12 KiB
Converting PDF Forms to Chatfield Interviews
This guide covers how to build a Chatfield interview definition from PDF form data. This is the core transformation step that converts a static PDF form into a conversational interview. **Read complete API reference**: See ./Data-Model-API.md for all builder methods, transformations, and validation rules.Process Overview
@startuml Converting-PDF-To-Chatfield
title Converting PDF Forms to Chatfield Interviews
start
:Prerequisites: Form extraction complete;
partition "Read Input Files" {
:Read <basename>.form.md;
:Read <basename>.form.json;
}
:Build Interview Definition;
repeat
:Validate Form Data Model
(see validation checklist);
if (All checks pass?) then (yes)
else (no)
:Fix issues identified in validation;
endif
repeat while (All checks pass?) is (no)
->yes;
:**✓ FORM DATA MODEL COMPLETE**;
:interview.py ready for next step;
stop
@enduml
The Form Data Model
The **Form Data Model** is the `interview.py` file in the `.chatfield/` working directory. This file contains the chatfield builder definition that faithfully represents the PDF form.Critical Principle: Faithfulness to Original PDF
<critical_principle> The Form Data Model must be as accurate and faithful as possible to the source PDF.
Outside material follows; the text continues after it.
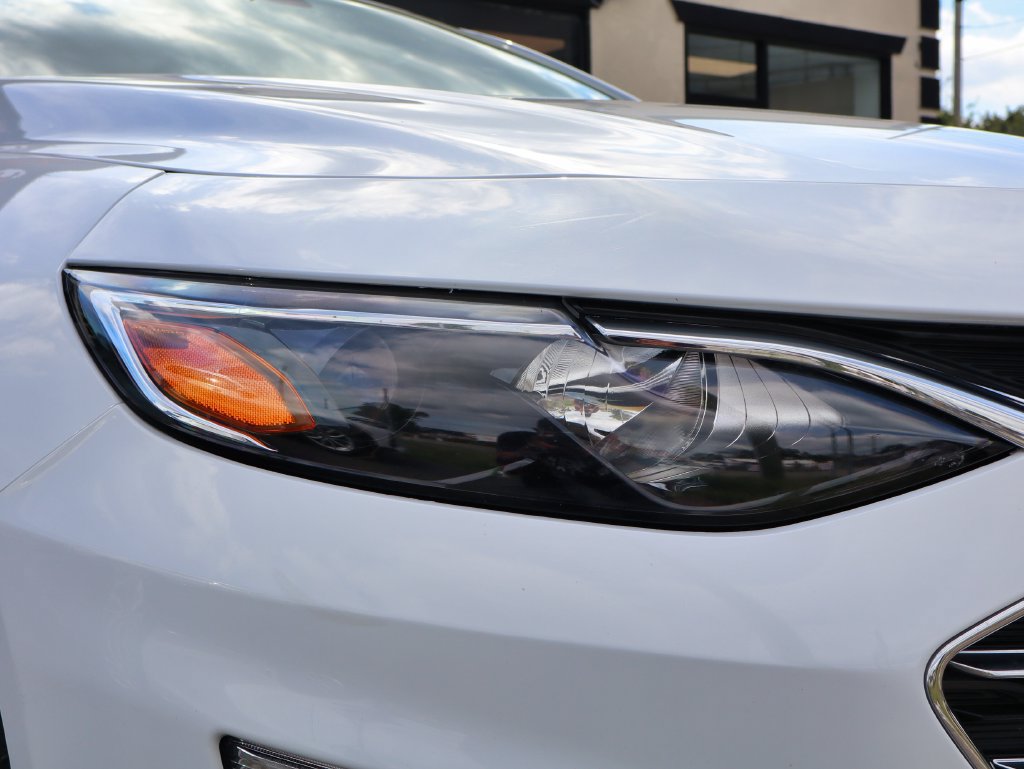 Used 2022 Chevrolet Malibu LS FWD image 5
Why? Downstream code will NOT see the PDF anymore. The interview must create the "illusion" that the AI agent has full access to the form, speaking to the user, writing information - all from the Form Data Model alone.
This means every field, every instruction, every validation rule from the PDF must be captured in the interview definition. </critical_principle>
Language Matching Rule
CRITICAL: Only pass English-language strings to the chatfield builder API for English-language forms.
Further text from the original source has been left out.